The Merchants Strike Back?

With the recent news of several restaurants teaming up to sue point-of-sale system provider Radiant Systems (a copy of the complaint can be found here) for failing to comply with the PCI Standard, it appears that some merchants may be in a mood to strike back in the aftermath of a payment card security breach. This lawsuit comes in the wake of a couple lawsuits against payment card security assessor Savvis for allegedly failing to properly validate a processors' Visa CISP compliance (admittedly in this case it is the merchant bank suing the assessor, but a similar cause of action could exist for a merchant if its assessor makes a mistake in verifying PCI compliance). While two instances certainly don’t indicate a trend, they do indicate a potential route that merchants may consider to deflect liability arsing out of a payment card security breach.

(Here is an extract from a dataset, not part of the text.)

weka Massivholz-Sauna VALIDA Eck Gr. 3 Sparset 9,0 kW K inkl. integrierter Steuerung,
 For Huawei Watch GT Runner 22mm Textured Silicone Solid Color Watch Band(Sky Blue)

It is possible that we will see more lawsuits by merchants against service providers, payment processors, and application/point-of-sale system providers in the coming months and years. Part of the reason is that the PCI regulatory system imposes a form of “strict liability” on merchants that suffer a security breach. Fines, penalties and the availability of recovery processes are contingent (in part) on whether or not a merchant was PCI-compliant at the time of the breach (see e.g. Visa’s ADCR). Thus, when a Qualified Incident Response Assessor ("QIRA") comes in after a credit card breach to do an audit one of its main tasks (if not its primary goal) is to ascertain whether the merchant was PCI-compliant. 

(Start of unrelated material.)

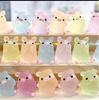 Colorful Luminous Pig Phone Case with DIY 3D Resin Ornament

Lost in the shuffle sometimes, however, is the issue of “causation.” The question that is not being asked is whether or not PCI compliance would have prevented the breach, or whether the lack of PCI-compliance was the cause of the breach. In other words would PCI-compliance have made a difference. In some cases the answer is obvious. For example, if a merchant is holding onto sensitive authentication information, clearly PCI compliance (which requires the deletion of such data after a transaction) would have precluded a payment card breach. In other situations, however, the answer might not be as clear cut.

Moreover, even where a merchant is found not PCI compliant, the question still remains whether any other party was fully or partially responsible for the breach itself.   Was the merchant’s payment application the source of the breach? Was the merchant working with a service provider, gateway or processor that could have been the source of a virus or attack by a hacker? Unfortunately, with their focus on PCI compliance, a QIRA may not have cause to investigate further into these possibilities (and a separate forensic assessment by an independent forensic firm may be necessary). In fact, I have seen an audit report where the auditor literally indicated that it could not determine how malware got onto a merchant’s system or whether cardholder data ever left (and in the report decided to speculate that it may have been porn or file sharing sites).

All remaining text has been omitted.